There are a number of ways in which the present analysis may be improved and extended. In terms of improvement, we have noted that the framework sits more naturally within the context of spherical harmonics, which would dispense with several of the approximations made in this paper (e.g., Liu et al.2016). Furthermore, we have maintained the simplistic assumption of complete uniformity of $S(\nu )$ across noting that a relaxaton of this assumption could alter the result that all source count model effects are sequestered into a single factor. Nevertheless, we showed that the extent of this inaccuracy is likely to be minimal. A more drastic improvement would be to include covariance between baselines in the framework. At this point, we have considered only covariance between frequencies for the same baseline, which greatly simplifies the calculations.

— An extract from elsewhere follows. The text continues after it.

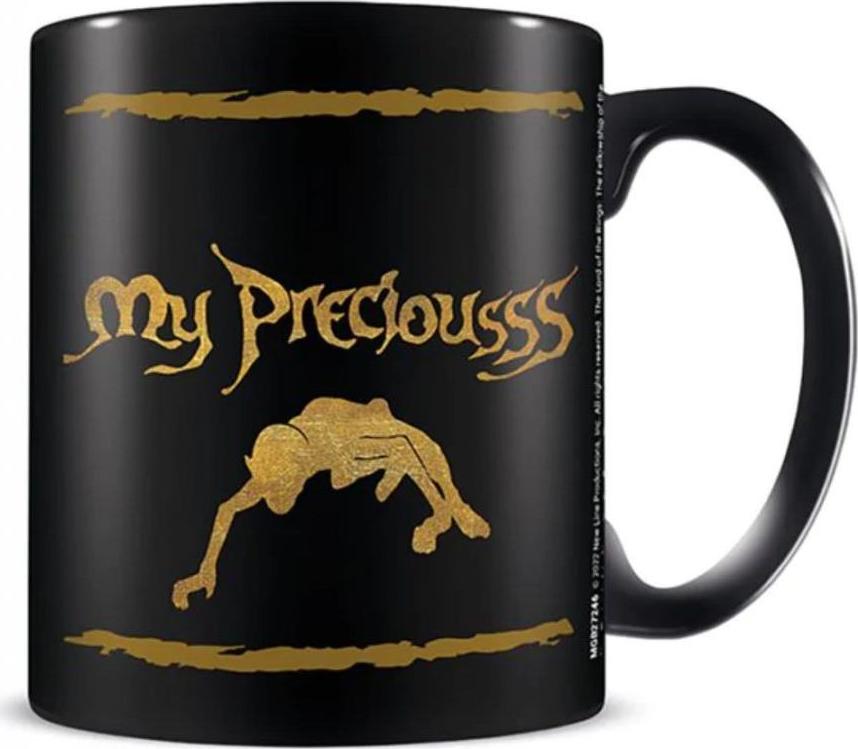 Lord Of The Rings: My Precious – keramický hrnček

As far as extensions of this framework are concerned, a useful idea may be to link it with a physically motivated prescription for the source population models. An example of this may be a radio-frequency conditional luminosity function (CLF; Cooray 2006) as a function of redshift, out of which the source counts, SED, and source clustering may be derived. This would simultaneously provide a convenient way to model the foregrounds for suppression, but also to understand them in their own right.

We also note that the general approach to calculate the clustering term for the covariance presented here may be utilized in other foreground regimes. In particular, diffuse Galactic emission is often described as isotropic turbulence within a single observed field, which may be succinctly quantified under the same framework. Furthermore, the ionosphere's total electron content (TEC) is typically prescribed as near-Kolmogorov turbulence (with the potential addition of a large-amplitude single wave-mode to describe travelling ionospheric disturbances). In this case, the TEC field acts as a differential screen, so that the resulting foreground covariance must be derived via a similar approach as that used in weak lensing studies. Nevertheless, it is easy to see that even this contamination source can be connected to the formalism presented here.

Predictions of our model extension can be summarized as

• 1.  
  There is excess foreground power at large ${k}_{\perp };$
• 2.  
  This excess foreground is a function almost exclusively of ${k}_{\perp }$, rather than ${k}_{| | };$
• 3.  
  Models with a higher relative abundance of faint sources in general increase the relative impact of ignoring our extensions;
• 4.  
  Models with steeper source spectra decrease the relative impact of ignoring our extensions;
• 5.  
  Under some parameter choices, ignoring the extensions induces false detections (i.e., a significant non-zero power which in fact is merely bias).

These predictions indicate that future measurements of the EoR PS could be greatly benefited from including these model extensions—particularly the clustering of sources. Furthermore, while deeper surveys will render the total point-source foreground contamination less important, the remainder of that contamination will be more dominated by clustering. Thus using SKA1-LOW in generating accurate measurements of the EoR PS will require taking into account the framework we have presented here.

These results also motivate the accurate determination of source count models down to faint limits, as well as point-source power spectra. Future deep surveys such as GLEAM-X (Hurley-Walker et al. 2017) and those performed with SKA1-LOW will be indispensable in providing high-fidelity measurements of these models, which will feed back into the covariance models for the EoR.